桜の季節、新一年生が背負うピカピカのランドセル。日本独自の通学文化として定着し、近年では海外のファッショニスタからも注目を集めるこのアイテムですが、その起源が「皇室」にあることは意外と知られていません。
実は、日本で初めてランドセルを背負って通学したのは、後の大正天皇(当時の嘉仁親王)でした。
本稿は、明治時代の「とある贈り物」から始まったランドセルの歴史と、オランダ語由来の語源、そして現代に至るまでの軽量化の進化について解説するレポートです。
第一章:明治20年、伊藤博文からの贈り物
ランドセルの歴史が動いたのは、1887年(明治20年)のことです。

- 皇太子の学習院入学
- 当時の皇太子(後の大正天皇)が、皇族や華族の教育機関である「学習院」に入学されることになりました。
- 伊藤博文の祝品
- この入学を祝い、当時の内閣総理大臣・伊藤博文が献上したのが、箱型の通学カバンでした。
- これが現在のランドセルの原型(プロトタイプ)とされています。当時はまだ「ランドセル」という名称が定着していたわけではありませんが、形状はこの時点で確立されていました。
なぜ伊藤博文はカバンを贈ったのでしょうか。
当時の学習院は、「学校では皆平等」「自分の荷物は自分で持つ」という教育方針を掲げていました。それまでお付きの者が荷物を持っていた身分の子供たちに対し、両手が空き、自分で荷物を運べる背嚢(はいのう)スタイルが推奨されていた背景があります。

「ええーっ!伊藤博文がプレゼントしたのが最初だったんだブー!?初代内閣総理大臣がランドセルの生みの親みたいなもんだったなんてビックリだブー!」
第二章:語源はオランダ語の「ランセル」
「ランドセル」という響きは、日本語のようには聞こえません。そのルーツは幕末の軍事用語にありました。

- オランダ語の「Ransel」
- 江戸時代末期、幕府は西洋式軍隊制度を導入しました。その際、オランダ兵が背負っていた布製の背嚢(リュックサック)を、オランダ語で「Ransel(ランセル)」と呼んでいました。
- この「ランセル」が日本でなまり、「ランドセル」へと変化したのです。
- つまり、ランドセルのルーツは「軍用品」であり、それが学習院での採用を経て、子供用の通学カバンへと転用された歴史を持っています。
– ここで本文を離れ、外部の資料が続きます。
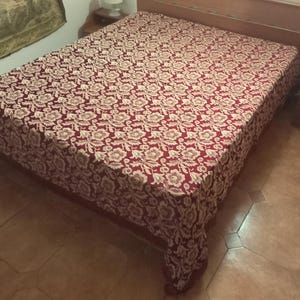 Rare Antique Double Bedspread Silk Brocade Bordeaux-Gold Color Silk bedspread Silk damask Decorations Precious Damask bed Vintage Italia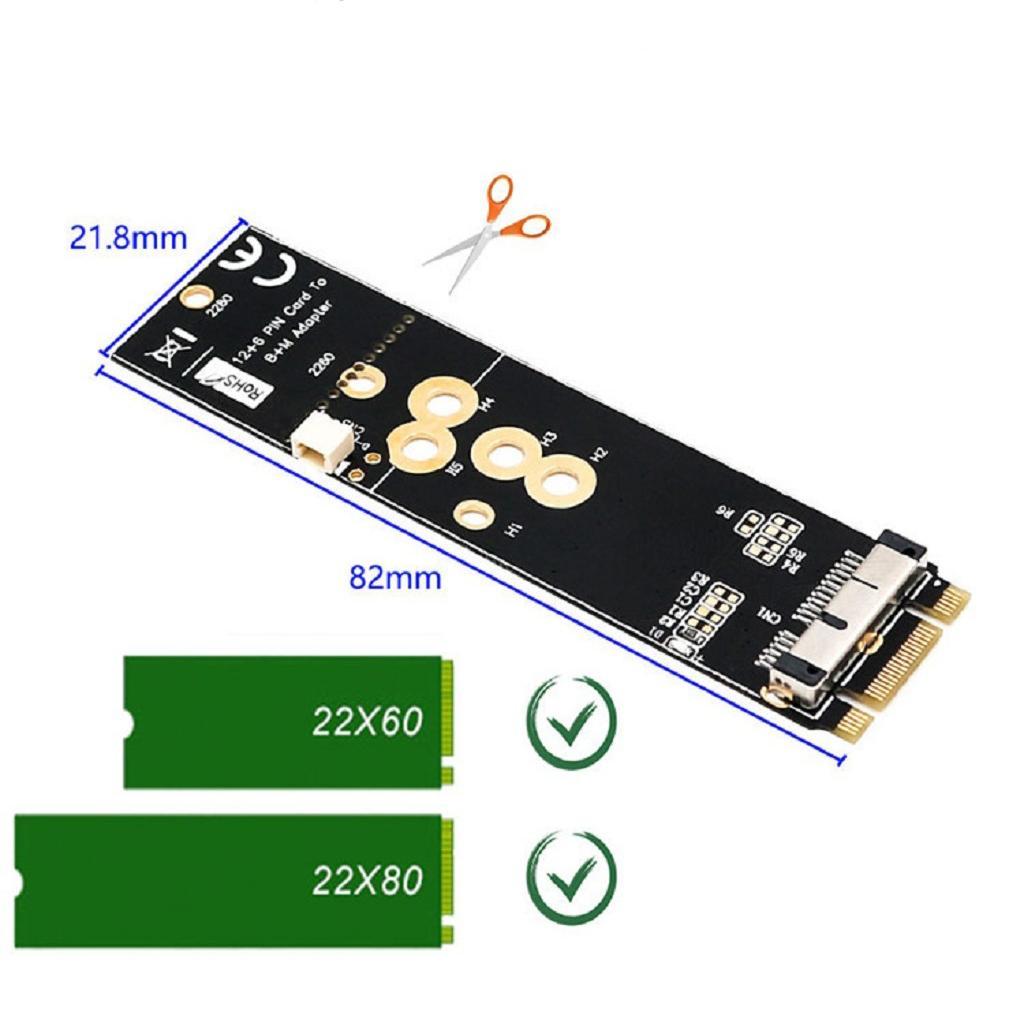 12+6 Pin Wireless Card Module to M.2 NGFF Key B+M Adapter for Mac BCM94360CD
「もともとは軍隊のリュックだったんだブー!だからあんなに丈夫で頑丈に作られてるんだブーね。納得だブー!」
第三章:庶民への普及と「重さ」の変遷
皇室から始まったランドセルですが、すぐに一般庶民に広まったわけではありません。

- 昭和30年代の全国普及
- 戦前までは、ランドセルは一部の富裕層のシンボルであり、多くの子供たちは風呂敷や布袋で通学していました。
- 今日のように全国の小学生が背負うようになったのは、高度経済成長期に差し掛かる昭和30年代(1955年以降)に入ってからです。経済的な余裕が生まれ、丈夫で長持ちするランドセルが一般家庭にも浸透しました。
- 「1600g」から「1000g以下」へ
- 普及当時のランドセルは、現在よりも二回りほど小型でしたが、その重量は約1600グラムもありました。これは現在の大型ノートPCを持ち歩くようなもので、当時の低学年の児童にはかなりの負担でした。
- その後、素材と技術の進化により劇的な軽量化が進みます。
- 牛革製: 1200グラム前後
- 人工皮革(クラリーノ等): 1000グラムを切る軽量モデルも登場
- 現在はA4フラットファイルが入る大型サイズが主流ですが、それでも昭和時代よりはるかに軽く、身体への負担を減らす工夫(背中のクッションや肩ベルトの形状など)が凝らされています。
終章:伝統と機能の融合
結論として、ランドセルは「オランダ軍の背嚢」をルーツに持ち、「伊藤博文から大正天皇への贈り物」として日本独自の進化を遂げたカバンでした。
軍事用品としての堅牢さと、皇室由来の気品。
この二つの要素が融合し、さらに現代の技術で「軽さ」と「大きさ」を最適化したものが、今のランドセルです。
春の通学路で見かけるあの四角いカバンには、明治から続く日本の教育と産業の歴史が詰め込まれているのです。